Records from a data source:
━━━━━━

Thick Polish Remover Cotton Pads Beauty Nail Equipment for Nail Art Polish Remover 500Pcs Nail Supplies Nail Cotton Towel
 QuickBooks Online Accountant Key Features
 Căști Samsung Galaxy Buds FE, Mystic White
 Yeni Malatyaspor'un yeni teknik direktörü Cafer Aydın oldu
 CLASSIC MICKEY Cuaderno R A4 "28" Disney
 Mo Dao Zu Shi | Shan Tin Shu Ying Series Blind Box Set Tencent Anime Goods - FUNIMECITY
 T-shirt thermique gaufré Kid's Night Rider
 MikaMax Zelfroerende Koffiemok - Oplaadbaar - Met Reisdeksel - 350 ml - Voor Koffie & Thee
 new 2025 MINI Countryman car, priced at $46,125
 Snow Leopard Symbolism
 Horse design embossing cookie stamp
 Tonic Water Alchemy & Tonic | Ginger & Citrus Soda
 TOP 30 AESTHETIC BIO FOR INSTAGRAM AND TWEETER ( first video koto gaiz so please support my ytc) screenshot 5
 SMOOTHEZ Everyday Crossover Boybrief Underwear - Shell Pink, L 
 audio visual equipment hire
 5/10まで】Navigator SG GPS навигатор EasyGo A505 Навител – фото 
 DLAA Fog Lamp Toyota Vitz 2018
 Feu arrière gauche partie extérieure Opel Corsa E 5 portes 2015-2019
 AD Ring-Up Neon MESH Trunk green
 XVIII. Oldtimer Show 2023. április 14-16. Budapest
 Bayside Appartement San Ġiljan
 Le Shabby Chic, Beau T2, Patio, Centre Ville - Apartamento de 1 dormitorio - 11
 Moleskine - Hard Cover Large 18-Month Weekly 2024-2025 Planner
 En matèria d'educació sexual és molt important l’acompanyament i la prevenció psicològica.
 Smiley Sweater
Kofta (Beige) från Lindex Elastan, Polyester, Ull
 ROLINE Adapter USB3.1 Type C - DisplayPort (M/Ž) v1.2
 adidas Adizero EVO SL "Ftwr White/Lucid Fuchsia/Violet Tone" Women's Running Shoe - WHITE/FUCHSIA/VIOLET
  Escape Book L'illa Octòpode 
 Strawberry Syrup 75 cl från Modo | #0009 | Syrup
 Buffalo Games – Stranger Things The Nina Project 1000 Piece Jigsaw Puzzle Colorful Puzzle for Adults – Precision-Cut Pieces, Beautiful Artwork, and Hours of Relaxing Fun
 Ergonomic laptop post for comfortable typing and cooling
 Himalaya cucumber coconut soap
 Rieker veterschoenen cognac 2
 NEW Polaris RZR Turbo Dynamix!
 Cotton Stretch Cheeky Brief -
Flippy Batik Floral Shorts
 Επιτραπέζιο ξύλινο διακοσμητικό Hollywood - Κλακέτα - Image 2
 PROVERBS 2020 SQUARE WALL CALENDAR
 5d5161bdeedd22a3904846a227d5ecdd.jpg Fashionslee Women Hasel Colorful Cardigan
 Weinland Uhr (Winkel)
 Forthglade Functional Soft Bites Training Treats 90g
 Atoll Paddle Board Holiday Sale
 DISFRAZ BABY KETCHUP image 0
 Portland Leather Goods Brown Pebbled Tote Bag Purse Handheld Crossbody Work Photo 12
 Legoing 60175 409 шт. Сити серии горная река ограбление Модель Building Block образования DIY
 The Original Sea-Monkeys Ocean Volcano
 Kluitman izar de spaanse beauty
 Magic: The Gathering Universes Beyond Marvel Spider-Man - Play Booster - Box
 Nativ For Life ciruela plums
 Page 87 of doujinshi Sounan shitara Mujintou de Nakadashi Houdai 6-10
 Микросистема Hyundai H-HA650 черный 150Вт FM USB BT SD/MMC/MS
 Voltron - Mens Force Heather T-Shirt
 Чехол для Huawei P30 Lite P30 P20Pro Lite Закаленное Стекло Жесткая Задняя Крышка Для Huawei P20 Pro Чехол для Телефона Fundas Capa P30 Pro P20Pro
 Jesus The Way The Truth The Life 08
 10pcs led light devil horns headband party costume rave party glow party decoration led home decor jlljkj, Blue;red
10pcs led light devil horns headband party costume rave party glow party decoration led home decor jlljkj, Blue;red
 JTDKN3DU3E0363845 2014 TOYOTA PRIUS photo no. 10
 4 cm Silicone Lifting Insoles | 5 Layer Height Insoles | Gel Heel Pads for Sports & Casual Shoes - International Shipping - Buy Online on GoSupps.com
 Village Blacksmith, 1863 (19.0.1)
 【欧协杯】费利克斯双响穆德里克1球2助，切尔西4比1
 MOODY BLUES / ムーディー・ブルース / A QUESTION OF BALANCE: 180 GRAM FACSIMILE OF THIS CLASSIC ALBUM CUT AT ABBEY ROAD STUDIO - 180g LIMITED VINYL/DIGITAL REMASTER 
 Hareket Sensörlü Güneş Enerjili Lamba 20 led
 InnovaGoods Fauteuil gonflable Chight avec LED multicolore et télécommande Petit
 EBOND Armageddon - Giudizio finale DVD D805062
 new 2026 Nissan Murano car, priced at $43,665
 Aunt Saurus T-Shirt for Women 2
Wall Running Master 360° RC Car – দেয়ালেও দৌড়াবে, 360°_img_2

━━━━━━

**Assigned task:**
From the line that has "Smiley Sweater" through the line that has "Strawberry Syrup 75", copy every line exactly as it appears above, and leave out all others.

**Answer space:**
 Smiley Sweater
Kofta (Beige) från Lindex Elastan, Polyester, Ull
 ROLINE Adapter USB3.1 Type C - DisplayPort (M/Ž) v1.2
 adidas Adizero EVO SL "Ftwr White/Lucid Fuchsia/Violet Tone" Women's Running Shoe - WHITE/FUCHSIA/VIOLET
  Escape Book L'illa Octòpode 
 Strawberry Syrup 75 cl från Modo | #0009 | Syrup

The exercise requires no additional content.